The secrets to any successful marriage or partnership are fairly basic. The partners start with a shared vision and mission, setting goals for their union, while they respect their individual needs. They make sure that they understand each other’s strengths and weaknesses and how to support both. They look at problem areas, figure out workarounds, handle disagreements early on and decide who is responsible for what. This is not unlike the marriage of your business strategy and your social responsibility strategy.
In my last blog post, we began defining our social responsibility strategy. Now, let’s take a look at some of the things you will want to consider as you integrate it with your business strategy:
1. Identify the company’s long-term business goals. In addition to sales of products and services, you might be concerned with employee recruitment and retention or interested in streamlining your manufacturing process. You may be in a state of crisis management or in the middle of a merger. Clearly defining your vision for your business and how you plan to accomplish it (your mission) are critical to your success. And because market place needs and expectations are constantly shifting, it’s important to have long-term goals as your North Star, even as you tack to accommodate.
2. Consider alternate corporate structures. Your business goals and success can also be supported by the corporate structure of your organization. A majority of states have passed Benefit Corporation laws that allow companies to be focused on both shareholder return and the positive social impact they offer their stakeholders. This frees companies from the threat of shareholder lawsuits and allows them to do well even as they do good. Special purpose companies vary from state to state but are not unlike in their sincere intent to give companies the flexibility to be financially accountable to those invested in their success and socially accountable to the world around them.
3. Consider the geographic location of where you do business. Positioning your operations in a location or environment which has supportive governance and other like-minded companies can often make it easier to maintain your social impact initiatives. And in many instances, there are financial benefits, in terms of local tax incentives or a stronger presence in the bid process for international contracts when companies agree to leave behind a stronger infrastructure than when they arrived (i.e. new local school.)
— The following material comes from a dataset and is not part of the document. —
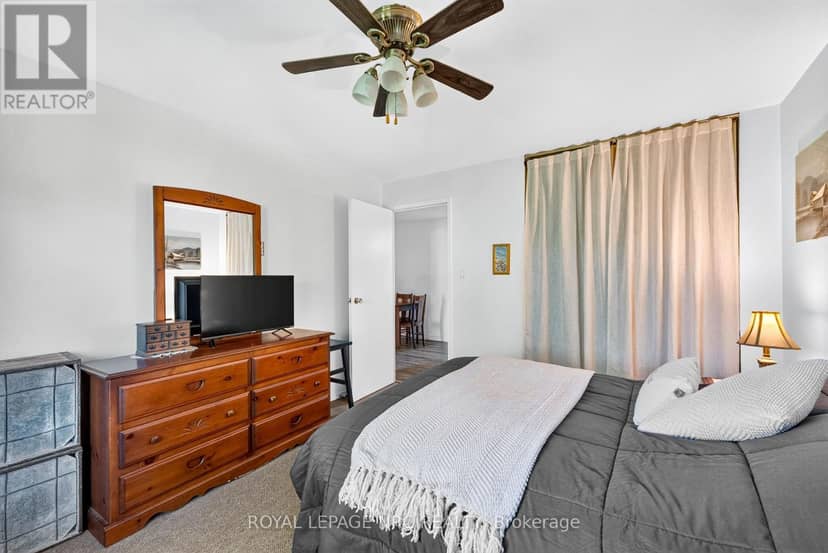 327 - 72 Main Street E — photo 12 of 23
4. Integrate your social responsibility strategy into your everyday business operations. Externally, it’s often easier to align with movements that are locally based as you will receive community appreciation and engagement. Study which stakeholders can benefit from your core competencies and how a particular initiative for them might support your brand. Internally, cross functional programs that benefit your employees or customers will ensure that your team fully embraces your long-term goals and that customers are loyal.
5. Associate with outside partners and grow your circle of influence. Connecting with partners can help you develop initiatives faster, and more affordably, than trying to do everything on your own. You will be able to draw on the expertise and capabilities of others outside of your company’s core competencies. But, remember that it’s all about shared value, with the exchange ebbing and flowing, satisfying the needs of each partner.
6. Align your impact investments with your overarching business goals. When reviewing your budget and revenue goals consider triple bottom line, a broader view of profit focused business. It takes into consideration the other two “P” words, people and planet, allowing you to enrich your community and also create a more vibrant environment in which your business can thrive and grow. However, it’s only possible when you have set up metrics to measure and report impact.
7. Tell the world about your efforts. Take advantage of the noteworthy work your company is doing and tell your story over and over so that your efforts become part of the brand. Don’t forget that it’s important that your entire workforce, especially those who are customer-facing, promote the same message. Use company newsletters and brochures, your website, and online social media such as Twitter, Facebook, LinkedIn and YouTube, among the many avenues available. Internally, celebrate the contributions that your employees are making by sharing and giving them credit. It inspires the rest of your employee base and the customers who believe in you.
8. Make it part of your products or services. Find ways to make your product or service itself more socially responsible. Whether it's sourcing recycled materials for use in the final product, using servers that run on renewable energy or ensuring that your supply chain adheres to corporate governance, consumers will perceive your sustainably-built brand as more authentically responsible than one that only pays lip service to the concept of sustainability.
9. Measure the Impact. Did you make a difference and how do you know? Because your social responsibility strategy is part of a broader business strategy, it’s important to track whether your initiatives are having the desired impact. Once you have identified the goals you would like to achieve, be clear on how you will measure your results. Set benchmarks and simultaneously establish key performance indicators for the business side as well.
Ultimately, the most important thing is to be consistent. Once the business and social responsibility strategies are aligned, regularly assess and recalibrate your social responsibility strategy. You will want to ensure it remains current and focused on the most relevant sustainability areas while it supports your business goals. Like every good marriage, it’s important that the partners grow together, both individually and as a team.